Finding a job was not easy and many companies didn’t support relocation, though Berlin was still cheap then. Coming from the USA also helped me as I found people in EU tend to have favourable opinion about US Americans. It was not easy to integrate in the society and I had to work hard to learn the language and culture. Living in expat bubble is the worst way to live in a foreign land.

I’m now well integrated in the society and I feel that Berlin is home for me now.


👤 Aeolun
For reference, I’m from the Netherlands.

I didn’t have any plans to emigrate until my friend introduced me to a small company in Japan that was looking for an engineer.

I applied, but was rejected, so I thought that was that. Then a few months later I got another email. Their initial hire didn’t work out and now they wanted me to join.

I worked remote for about a month while we got the visa process sorted (apparently they needed my actual bachelor diploma in Japan to issue one, so sending that and getting it back was a fun exercise).
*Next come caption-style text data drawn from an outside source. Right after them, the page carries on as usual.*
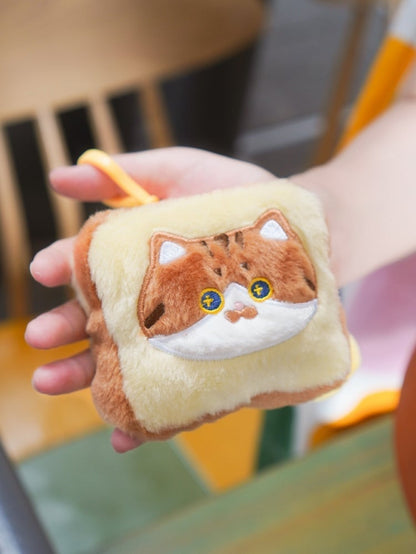 かわいいキティ柄のイエロー＆ブラウンの漫画風コインケース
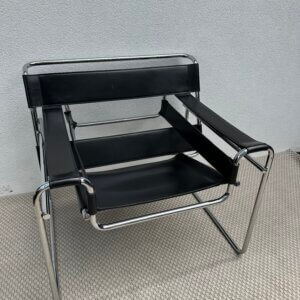 Fauteuil en cuir noir avec structure en métal chromé, dans le style iconique du modèle Wassily de Marcel Breuer.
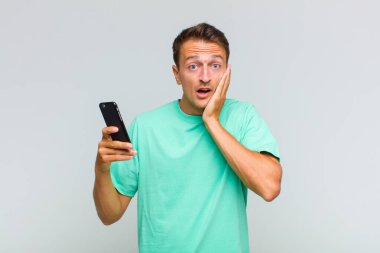 Genç yakışıklı adam şok olmuş ve korkmuş hissediyor, ağzı açık ve elleri yanaklarında korkmuş görünüyor.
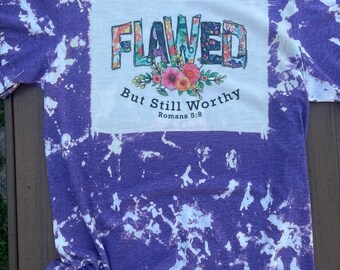 May include: Purple tie-dye t-shirt with a white square graphic that says "Flawed But Still Worthy Romans 5:8" with floral accents.
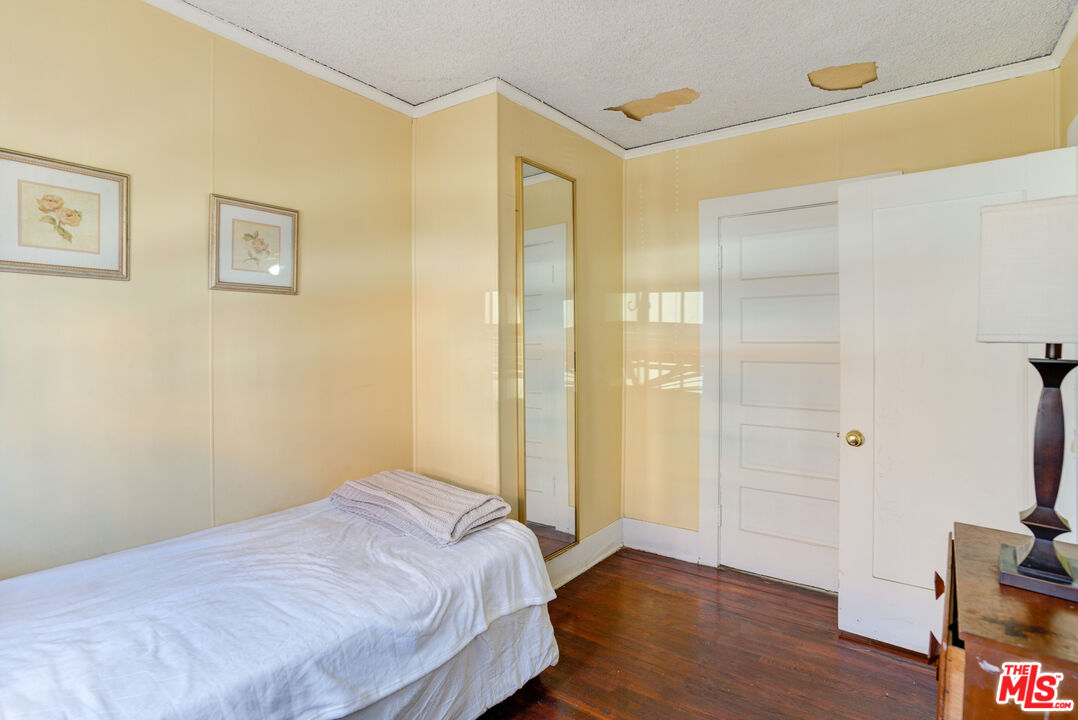 2404 Virginia Road Los Angeles, CA 90016 - Photo 9 of 21 a bedroom with a bed and wooden floor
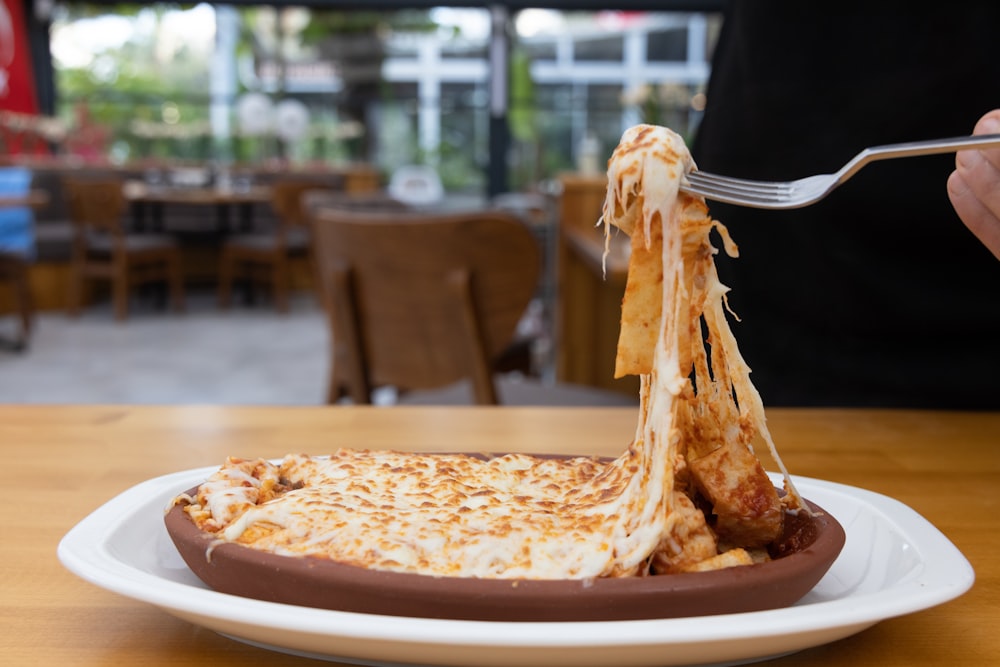 a person eating a plate of food with a fork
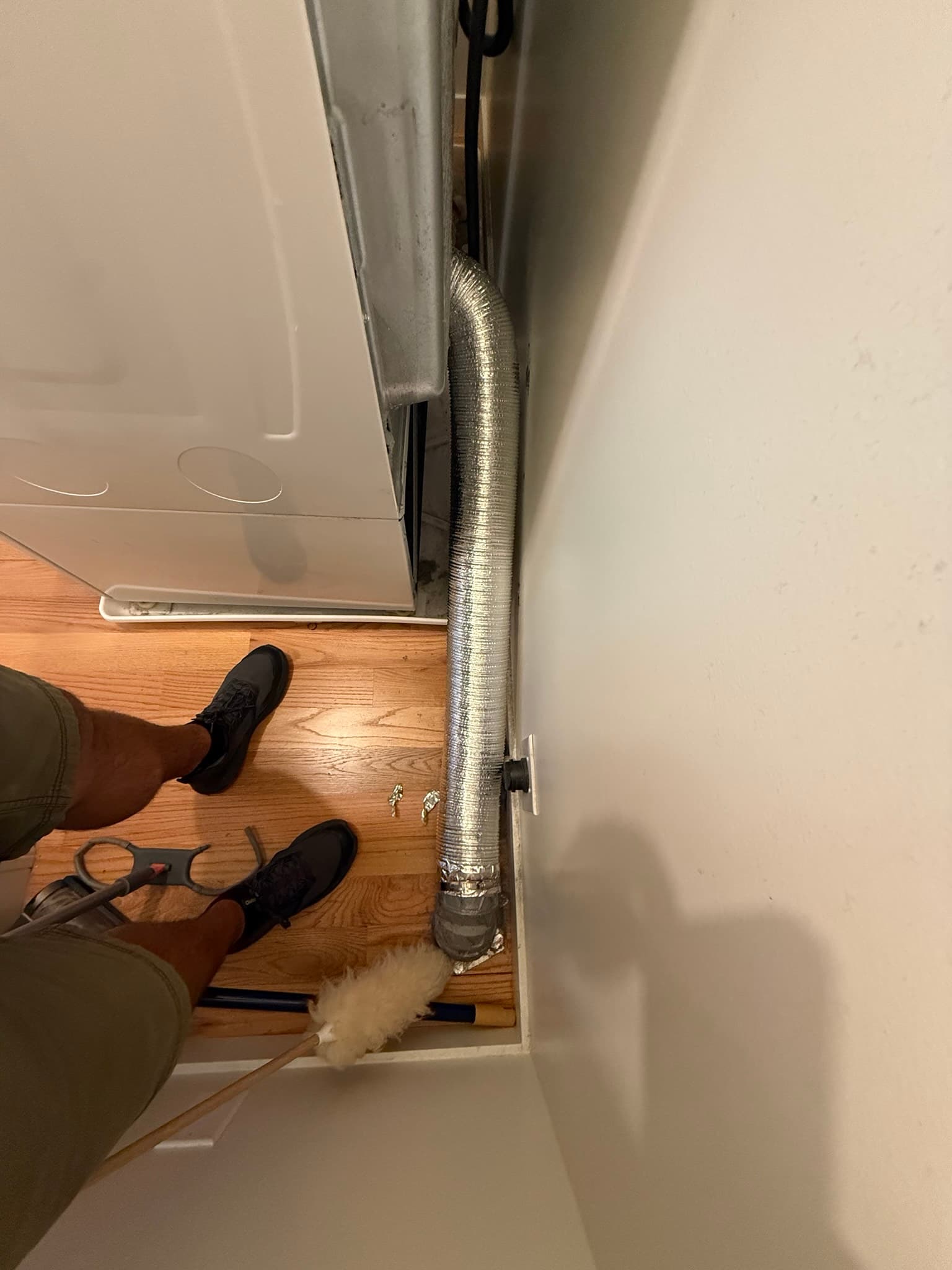 Rear of dryer unit showing a metallic flexible transition duct secured with reflective tape and metal clamps, with lint debris visible on the floor beneath the connection point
Then I moved to Japan. I hadn’t been further than like 1 country over from my home ever before.

To be honest, it wasn’t quite as different as I expected it to be. I didn’t speak the language at all, but western civilization is oddly similar even if the details are different.

After 9 months I was tired of life without my friends, so I said I’ll work remote, and moved back to the Netherlands.

That didn’t quite work out either. While being back was nice, apartments in the Netherlands are expensive (and I wasn’t making so much), so I ended up living with my parents. I’d also grown used to a lot of little conveniences Japan has, and it all added up.

It took me only 4 or 5 months to move back to Japan. I quickly made new friends, and I’ve spent a very happy 8 years here now.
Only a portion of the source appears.